Ceci est un exemple d’une opposition de la CPI qui s’appuie sur des raisons politiques, sans qu’il y ait des éléments de droit, d’autant plus que les Etats-Unis sont de farouches opposants de longue date de la CPI.

A la suite de ce point sur la CPI aujourd’hui qui s’axe sur ses missions, principes de fonctionnement et l’opposition à laquelle elle doit faire face, il convient de s’attarder sur les perspectives d’avenir.

  • La Cour pénale internationale : quel chemin emprunter?

Le traité portant création de la CPI est entré en vigueur en 2002. Il  y a quelques semaines, la Cour fêtait les 18 ans du début de son existence formelle. Il est donc naturel de procéder à un bilan de son activité (A), voir comment elle est apprécié, afin de dégager les défis (B) qui se présentent à elle, et voir quels chemins elle devrait emprunter.

  • La Cour pénale internationale : un bilan mitigé source de critiques croissantes

Avant toute chose, il faut mentionner que sur  un  nombre  total  de  193  États  membres  de  l’Organisation des Nations  Unies, seulement  123  sont  parties  au  Statut  de  Rome,  ce  qui  contraste avec l’idéal  du principe  d’universalisme dont la CPI est à la quête. Loin de cette ambition universaliste, la Cour rencontre  une opposition  forte  aussi  bien  en  interne qu’à l’extérieur[21].

Dès la création de la Cour, en 1998, plusieurs puissances se sont ainsi opposées à sa juridiction, dont les États-Unis, la Russie, la Chine et Israël. Certains affirment que la CPI est affaiblie faute d’avoir le soutien de ces pays. Et les 123 États qui en sont parties coopèrent avec elle au gré de leurs intérêts nationaux, favorisant ou au contraire freinant ses investigations. La Cour enquête en effet sur des pays oscillant entre guerre et paix, et subit des pressions plus ou moins subtiles[22].

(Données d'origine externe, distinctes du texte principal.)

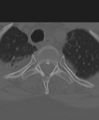 Cervical spine ACDF loosening (Radiopaedia 48998-54071 Axial bone window 60).png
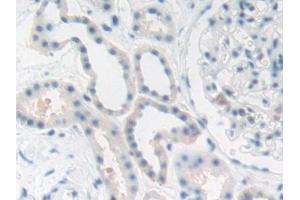 Immunohistochemistry (IHC) image for anti-Carcinoembryonic Antigen Gene Family (CEA) (AA 448-572) antibody (ABIN7440053)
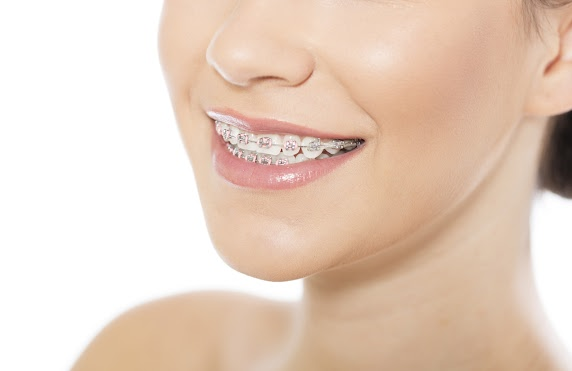 close up of braces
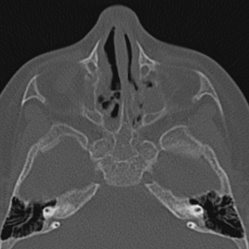 Choanal atresia (Radiopaedia 88525-105975 Axial bone window 50).jpg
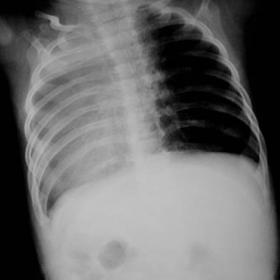 Plain chest radiograph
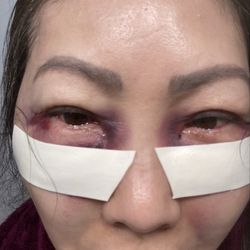Wenjing Liu, MD - Immediately after surgery. I am an extreme bruiser and sweller but it didn't hurt at all.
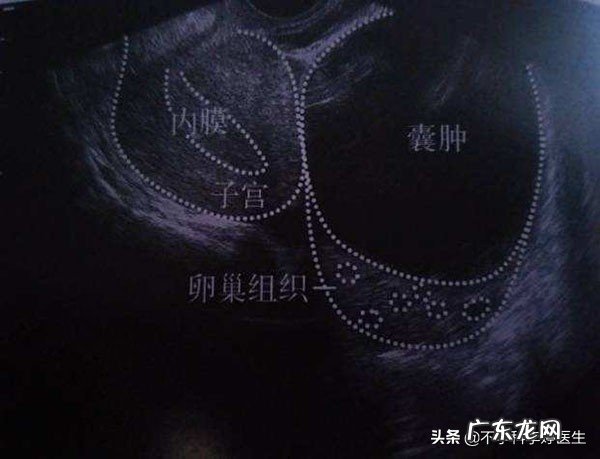 做了卵巢囊肿手术怀孕有好处吗?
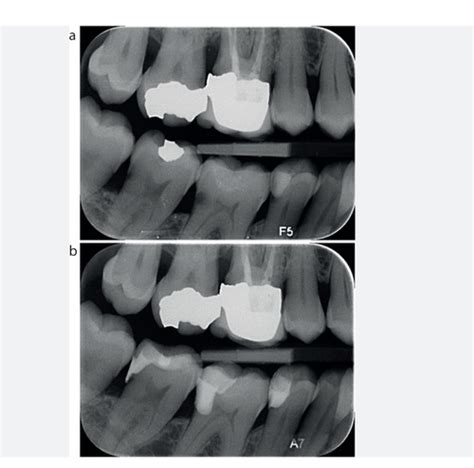 Dental Radiography Flashcards Quizlet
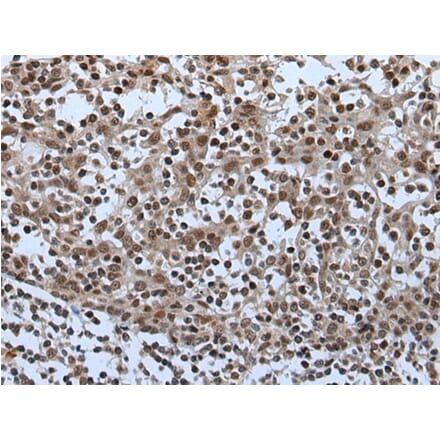 CELF5 Antibody from Signalway Antibody (43995) - Antibodies.com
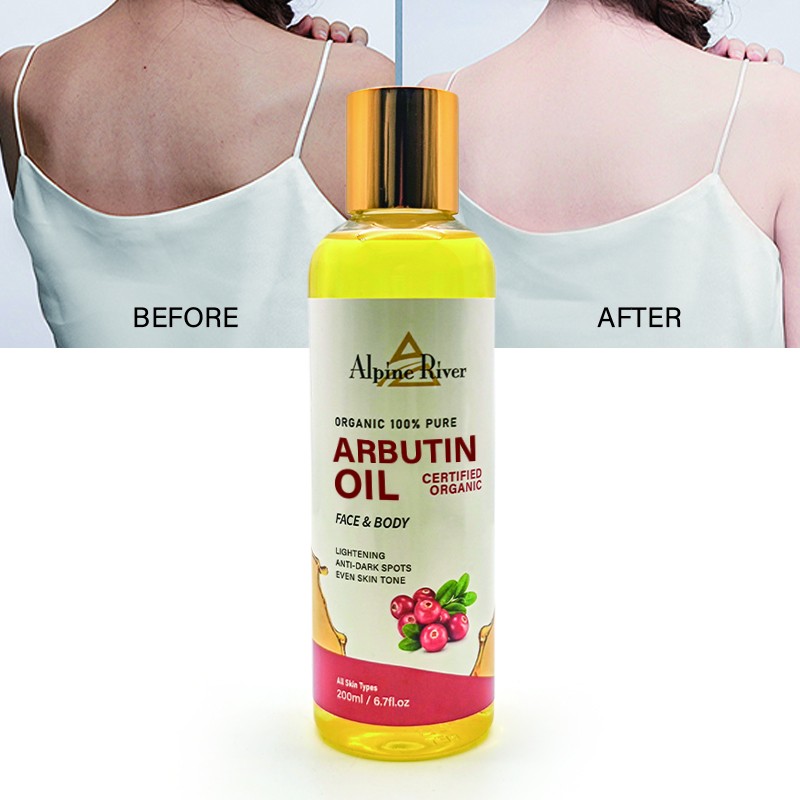 Tiktok Sells Natural Organic Vitamin C Skin Arctoside Oil to Remove Dark Spots and Lighten Skin Bearberry Oil for Adult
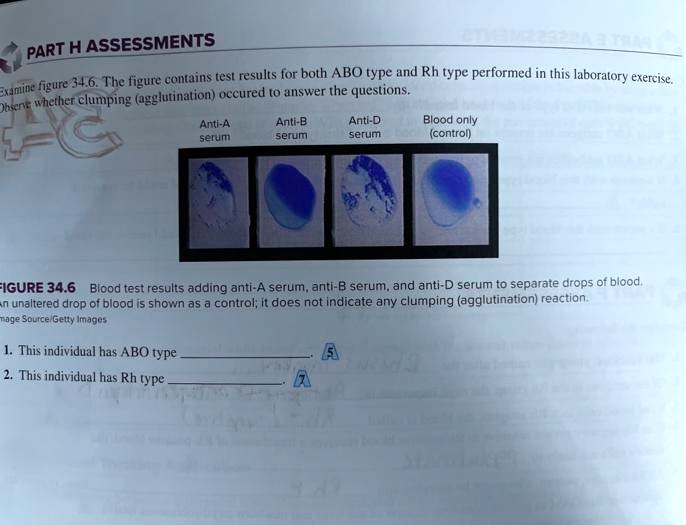 PART H ASSESSMENTS
Examine figure 34.6. The figure contains test results for both ABO type and Rh type performed in this laboratory exercise.
Observe whether clumping (agglutination) occured to answer the questions.
FC
Anti-A
serum
Anti-B
serum
Anti-D
serum
Blood only
(control)
FIGURE 34.6 Blood test results adding anti-A serum, anti-B serum, and anti-D serum to separate drops of blood.
An unaltered drop of blood is shown as a control; it does not indicate any clumping (agglutination) reaction.
image Source/Getty Images
1. This individual has ABO type
2. This individual has Rh type
A
A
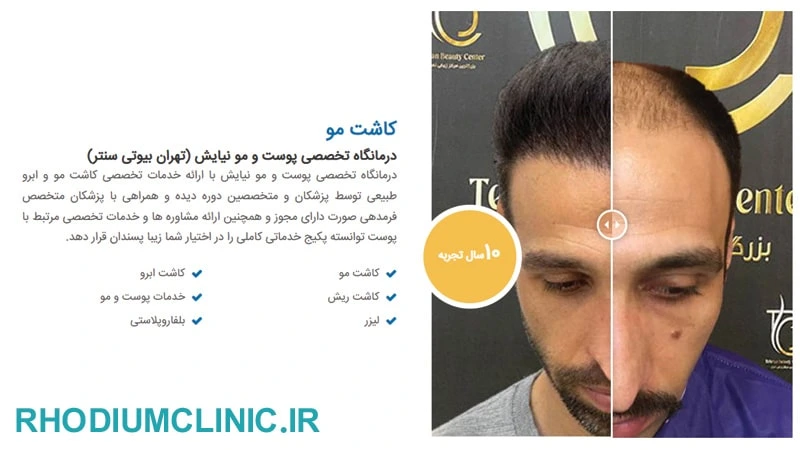 نیایش، یکی از بهترین کلینیک های کاشت ریش در تهران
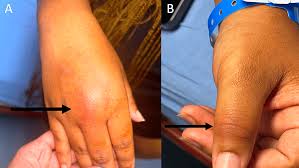 Image result for Septic Joint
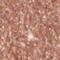 Wet n Wild Color Icon Glitter Single Glitter Lidschatten für Frauen 1,4 g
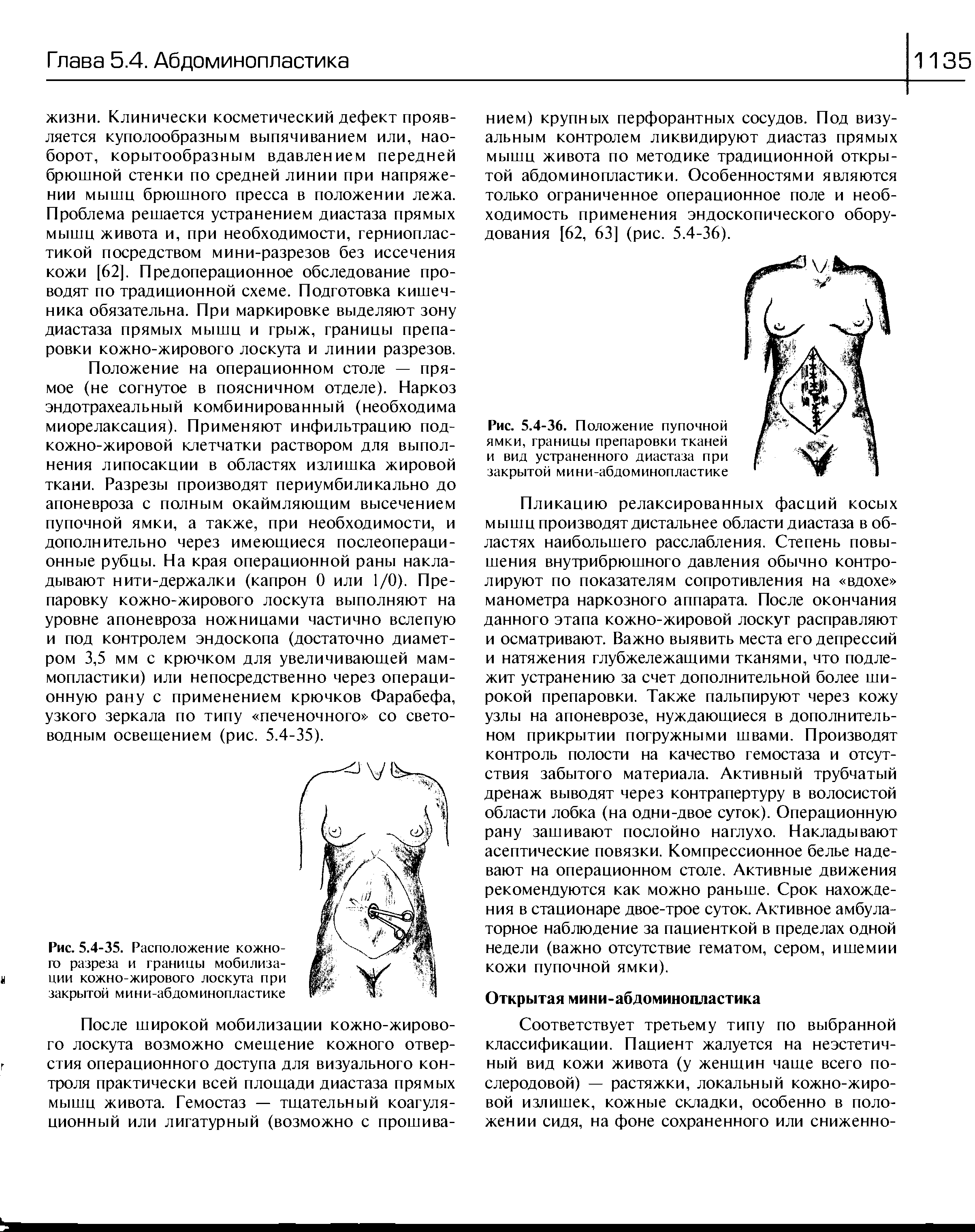 Рис. 5.4-35. Расположение кожного разреза и границы мобилиза-ц ции кожно-жирового лоскута при закрытой мини-абдоминопластике...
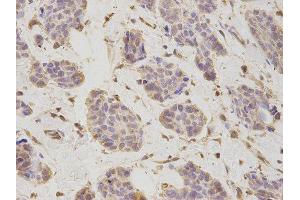 Immunohistochemistry (IHC) image for anti-Proteasome (Prosome, Macropain) 26S Subunit, Non-ATPase, 2 (PSMD2) antibody (ABIN1874389) (PSMD2 anticorps)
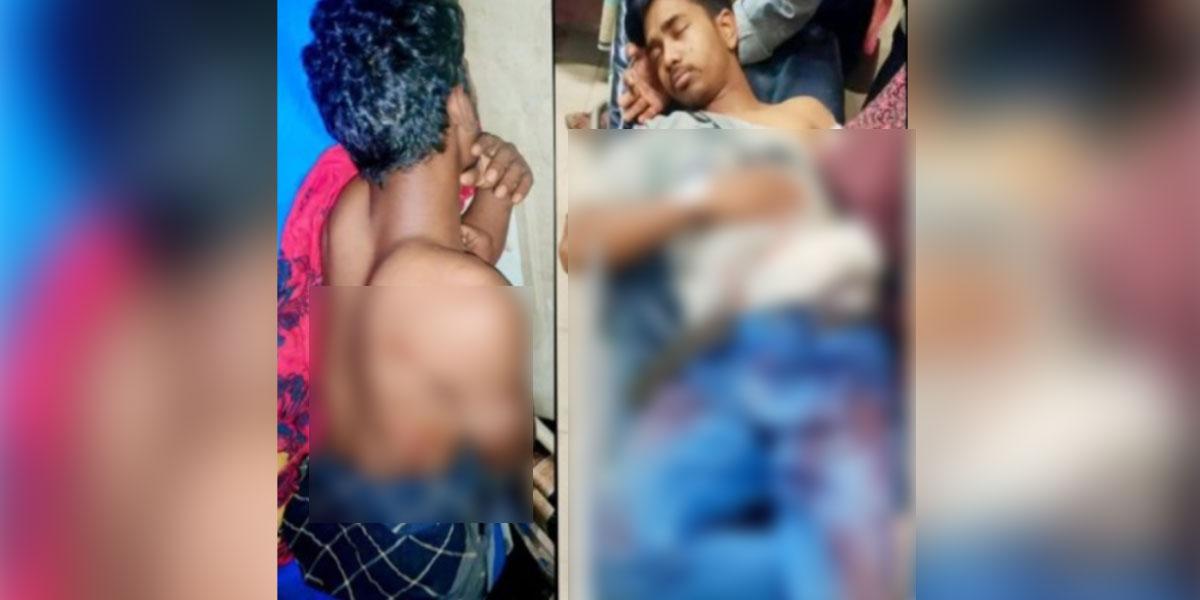 লোহাগাড়ায় সন্ত্রাসীদের গুলিতে দুই অটোরিকশাচালক গুলিবিদ্ধ
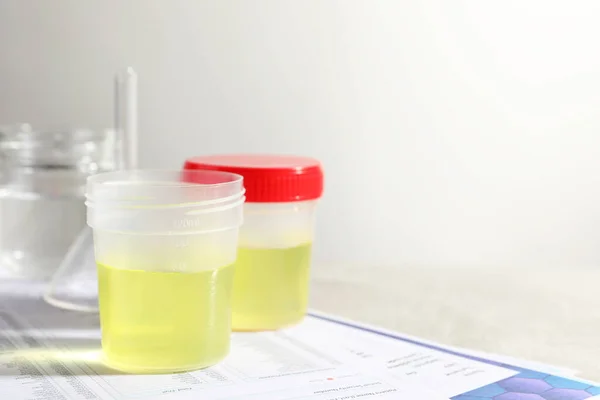 Behälter Mit Urinproben Zur Analyse Und Glaswaren Auf Testformularen Vor — Stockfoto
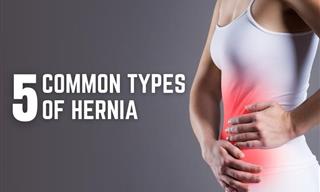Hernia - 5 Common Types and Symptoms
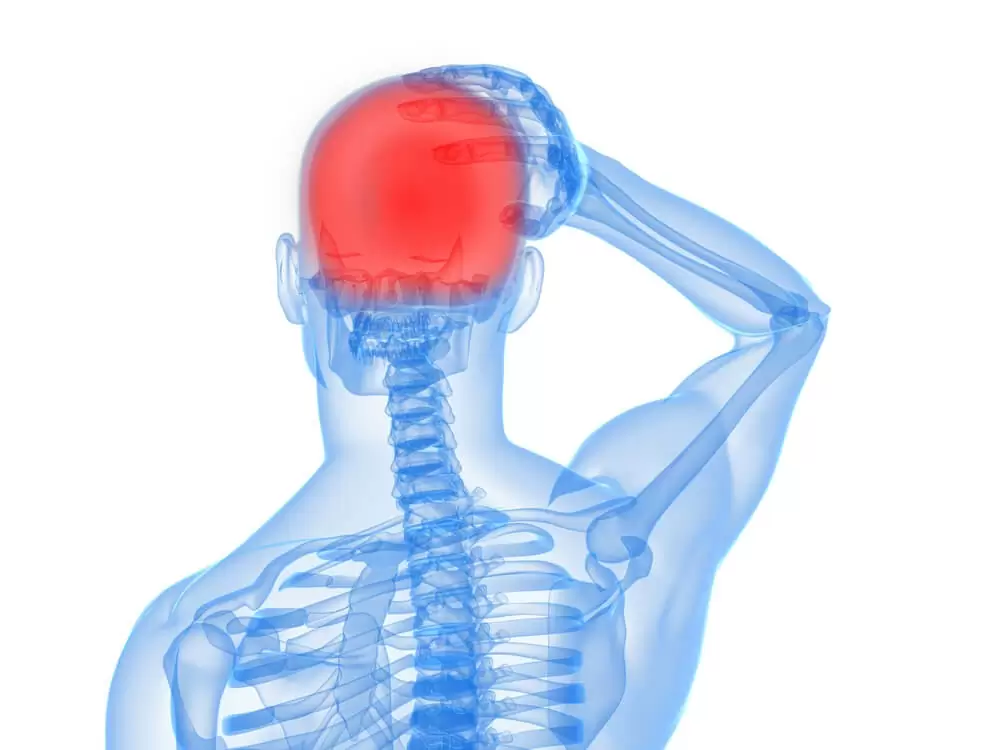 headaches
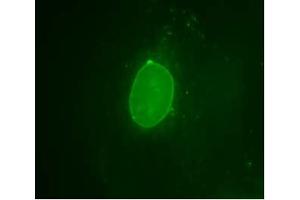 Image no. 2 for anti-Emerin (EMD) (AA 114-183) antibody (ABIN303590) (Emerin 抗体  (AA 114-183))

Si «la CPI ne vise pas à avoir beaucoup d’affaires, mais plutôt à inciter les justices nationales à faire leur travail[23]», il  n’en demeure pas moins que la Cour a connu ou traite encore présentement de nombreuses affaires à des niveaux divers de la procédure. L’on peut ainsi relever que 28 affaires ont été ouvertes devant la Cour.

A ce jour, trente-cinq (35) mandats d’arrêt ont été délivrés par la CPI, parmi lesquels dix-huit (18) mandats d’arrêt ont été exécutés et trois ont été retirés en raison du décès des intéressés[24]. Il convient de noter que le Bureau du Procureur mène présentement treize (13) enquêtes[25], et examine les situations dans neuf (9) examens préliminaires[26] à travers le monde.

A ce jour, quatre (4) acquittements ont été prononcé par la Cour (au bénéfice de Mathieu Ngudjolo Chui, Jean-Pierre Bemba Gombo, Laurent Gbagbo et Charles Blé Goudé). La Cour a prononcé au total cinq (5) condamnations pour crimes internationaux (il s’agit de Thomas Lubanga, Germain Katanga, Ahmad Al Faqi Al-Mahdi et Bosco Ntaganda).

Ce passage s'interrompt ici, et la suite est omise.